Quantitative Fit Testing: Make the Right Choices

OK, here’s a quiz to see if you can identify the quantitative fit tests as opposed to the qualitative fit tests we talked about earlier in the session. From the list on the screen, determine which is a quantitative test and which is a qualitative test.

  • To review quickly, the quantitative fit tests are:

– Generated aerosol;

– Controlled negative pressure, or CNP;

– Ambient aerosol; and

– CNP REDON.

Remember that the relative workplace exposure level determines what constitutes an acceptable fit and which fit test procedure is required. OSHA says you can use either a qualitative or a quantitative fit test procedure for exposure levels less than 10 times the regulatory occupational exposure limit. If the exposure level is greater than 10 times the occupational exposure limit, you must use a quantitative fit test procedure.

Quantitative Fit Testing: Review

Now let’s review quickly to make sure you understand all the information we’ve discussed about quantitative fit tests. Do you understand:

  • The generated aerosol fit test procedure?
  • The ambient aerosol fit test procedure?
  • The CNP fit test procedure?
  • The CNP REDON procedure?

It’s important to understand these procedures so that you know how employees may be fit tested using quantitative methods and instrumentation.

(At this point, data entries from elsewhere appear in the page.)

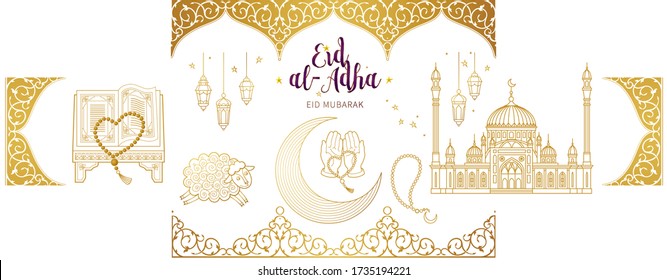Vector set with arabic elements, lettering for Ramadan Greetings, Eid Al-Adha, Eid Mubarak cards. Arabic mosque, koran, crescent, Eastern lanterns for Kurban Bayraminiz. Islamic holidays. Easy to use,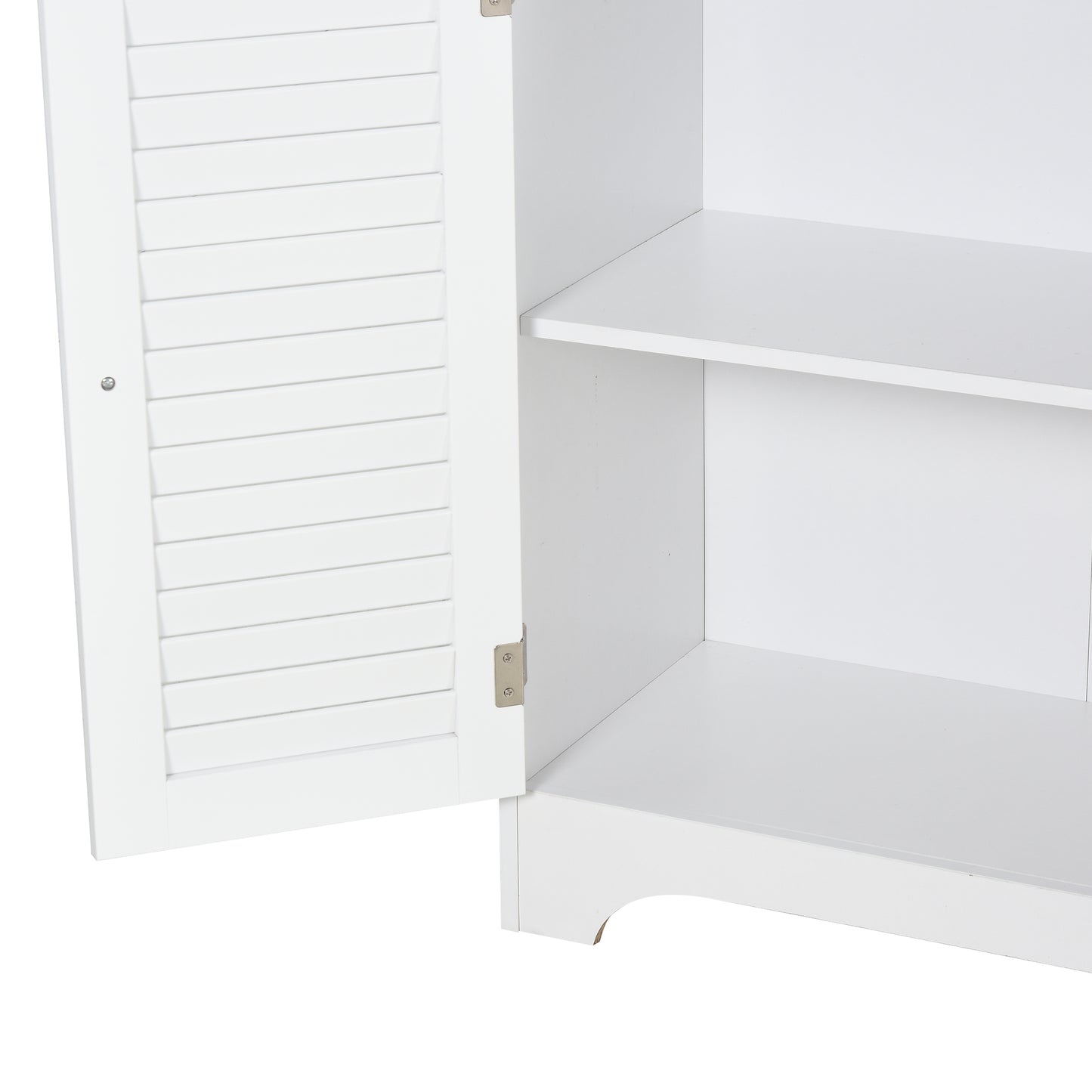 Freestanding Bathroom Storage Cabinet with Shutter Doors and Adjustable Shelves, Toilet Vanity Cabinet, Narrow Organizer, White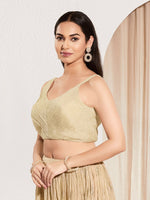 Thumbnail for Joban Fashion Cream Tissue Padded Blouse With Sweetheart Neck Sleeveless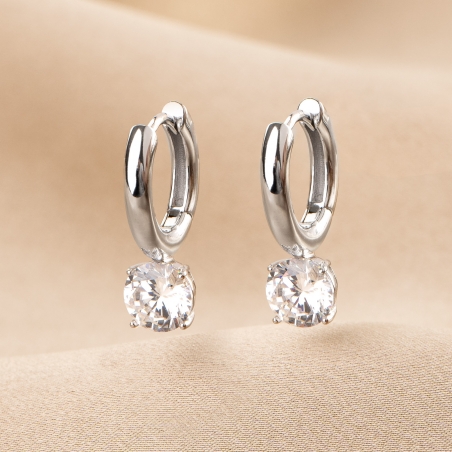 Sterling Silver Earrings Gioia Solitaire silver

Let’s continue to the next slide now and conclude the session with some key points to remember.

Key Points To Remember

Here are the main points to remember from this session on respirator fit testing:

  • Respirator fit tests are required to make sure employees are adequately protected from airborne contaminants in the workplace.
  • There are a variety of qualitative and quantitative fit tests that may be used.
  • OSHA sets mandatory requirements for both qualitative and quantitative fit testing.
  • You should understand fit test requirements and procedures.

This concludes the respirator fit testing training session.